Ellen Wolf Schrecker, Ph.D. (born August 4, 1938) is a professor of American history at Yeshiva University. She graduated magna cum laude from Radcliffe College in 1960 and earned her M.A. in 1962 and her doctorate in 1974, both from Harvard University. She has taught at Harvard, Princeton, New York University, the New School for Social Research, and Columbia. From 1998 to 2002, Schrecker was the editor of Academe, the journal of the American Association of University Professors.

Schrecker's best known book is “Many Are the Crimes: McCarthyism in America,” published in 1998, as well as a very well regarded Chinese cookbook, “Mrs.
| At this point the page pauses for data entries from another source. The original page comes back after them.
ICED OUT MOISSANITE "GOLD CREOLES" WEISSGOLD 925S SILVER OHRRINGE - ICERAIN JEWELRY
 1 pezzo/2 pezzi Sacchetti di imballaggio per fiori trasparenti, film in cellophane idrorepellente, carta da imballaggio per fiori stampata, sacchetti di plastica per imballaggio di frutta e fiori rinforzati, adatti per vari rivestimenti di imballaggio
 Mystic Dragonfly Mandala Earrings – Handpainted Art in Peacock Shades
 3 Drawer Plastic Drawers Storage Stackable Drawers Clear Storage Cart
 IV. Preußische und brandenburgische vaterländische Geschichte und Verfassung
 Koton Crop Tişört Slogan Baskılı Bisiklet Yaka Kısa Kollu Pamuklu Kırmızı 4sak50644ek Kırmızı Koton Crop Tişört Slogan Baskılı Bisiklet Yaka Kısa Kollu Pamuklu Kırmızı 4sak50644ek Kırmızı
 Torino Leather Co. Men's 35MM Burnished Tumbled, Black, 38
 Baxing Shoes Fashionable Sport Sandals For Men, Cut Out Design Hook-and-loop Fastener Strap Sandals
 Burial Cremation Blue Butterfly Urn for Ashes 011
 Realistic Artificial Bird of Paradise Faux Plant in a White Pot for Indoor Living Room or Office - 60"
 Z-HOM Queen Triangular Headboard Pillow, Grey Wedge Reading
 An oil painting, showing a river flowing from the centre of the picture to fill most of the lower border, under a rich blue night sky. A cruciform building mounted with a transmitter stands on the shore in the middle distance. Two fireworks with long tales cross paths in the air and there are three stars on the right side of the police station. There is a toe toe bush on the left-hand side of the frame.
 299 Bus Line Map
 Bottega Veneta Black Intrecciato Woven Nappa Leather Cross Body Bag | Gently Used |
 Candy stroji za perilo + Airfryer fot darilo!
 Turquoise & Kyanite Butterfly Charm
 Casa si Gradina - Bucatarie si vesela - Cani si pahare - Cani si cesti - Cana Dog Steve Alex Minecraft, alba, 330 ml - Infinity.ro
Chiang’s Szechwan Cookbook - Szechwan Home Cooking,” in 1976. She is also the author of The Lost Soul of Higher Education: Corporatization, the Assault on Academic Freedom, and the End of the American University.

John Schrecker

John Schrecker is a Professor of History Emeritus at Brandeis University in Waltham, MA

Jung-Feng Chiang

Jung-feng Chiang was born December 12, 1926 in Chengdu, Sichuan province, China.  She came to Taiwan between 1948 and 1950.

Subsequently she came to the United States in 1971 and worked for John and Ellen Schrecker until 1975. She became a naturalized citizen in New York on August 29, 1979 and continues to live in New York City.